*EXERCISE AIM*
Please copy each line of the listing below precisely, excluding the images.

··· COLLECTED DATA ···

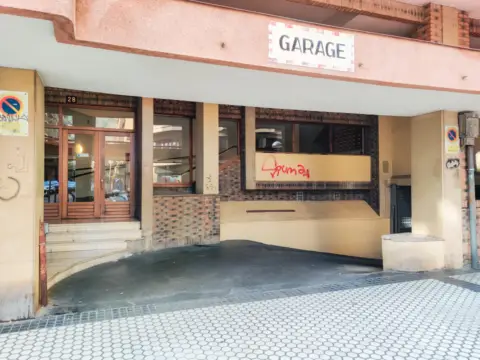 Garaje en calle Birmingham, nº 28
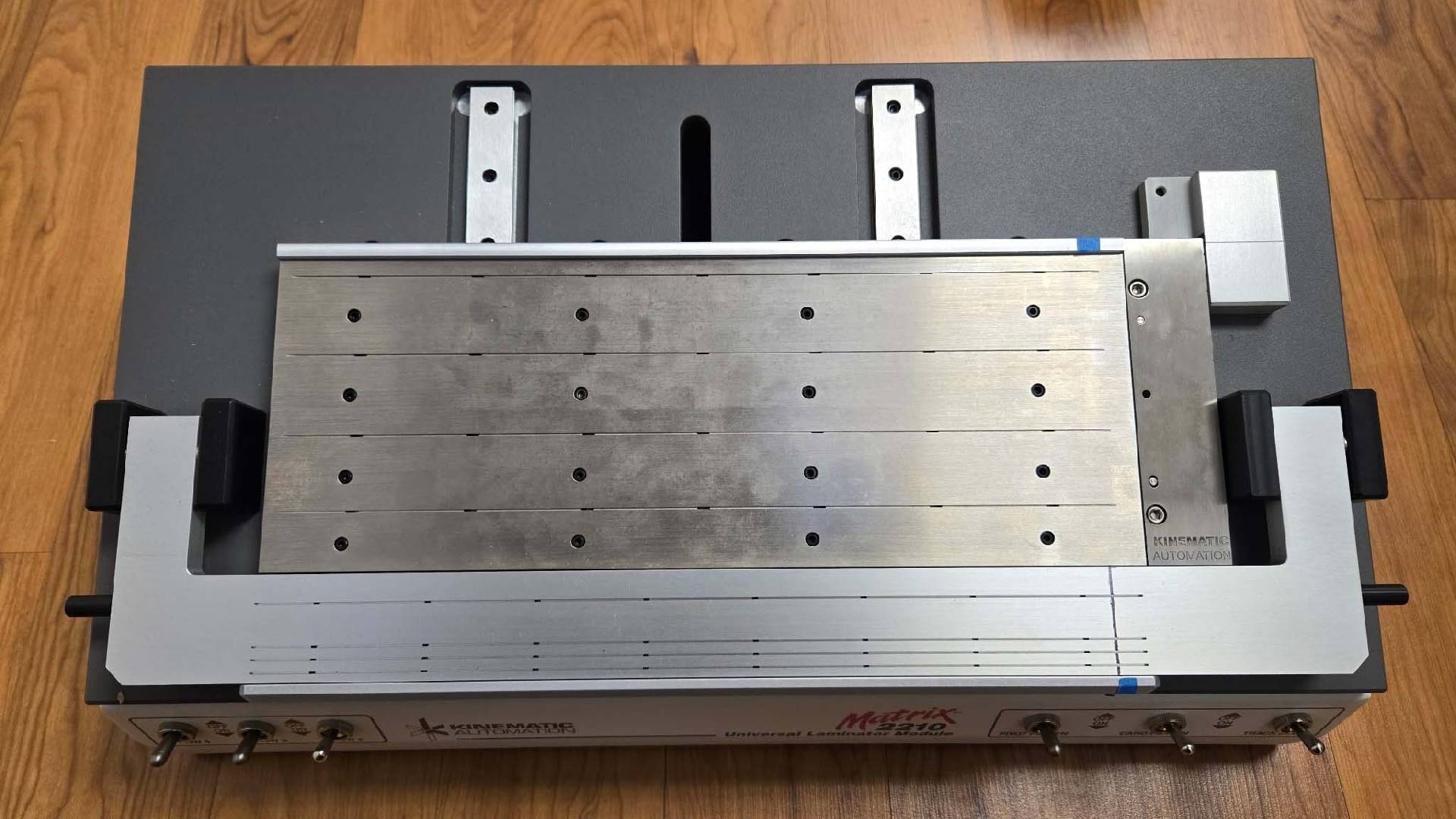Foto Verwendet KINEMATIC Matrix 2210 Zum Verkauf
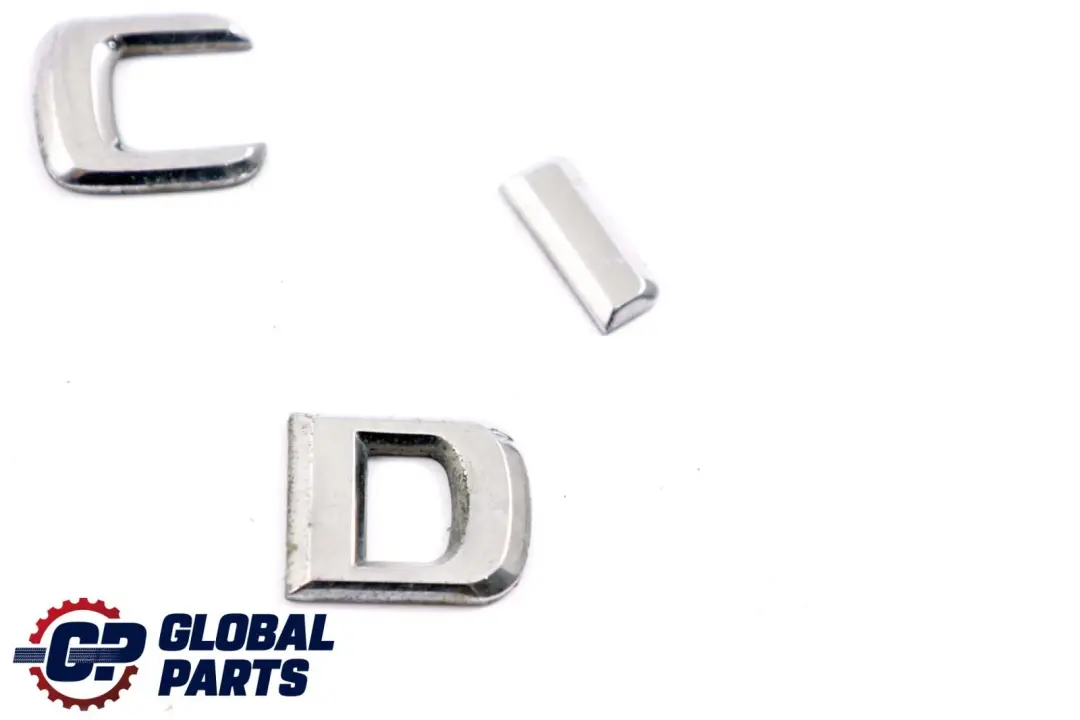 Napis Emblemat Tylnej Klapy S 320 CDI do Mercedes W220 o numerze A1408173215 Mercedes W220 Napis Emblemat Tylnej Klapy S 320 CDI - SKU A1408173215 - Numer Części A1408173215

···

*RESULT OF THE TASK*
 Garaje en calle Birmingham, nº 28
Foto Verwendet KINEMATIC Matrix 2210 Zum Verkauf
 Napis Emblemat Tylnej Klapy S 320 CDI do Mercedes W220 o numerze A1408173215 Mercedes W220 Napis Emblemat Tylnej Klapy S 320 CDI - SKU A1408173215 - Numer Części A1408173215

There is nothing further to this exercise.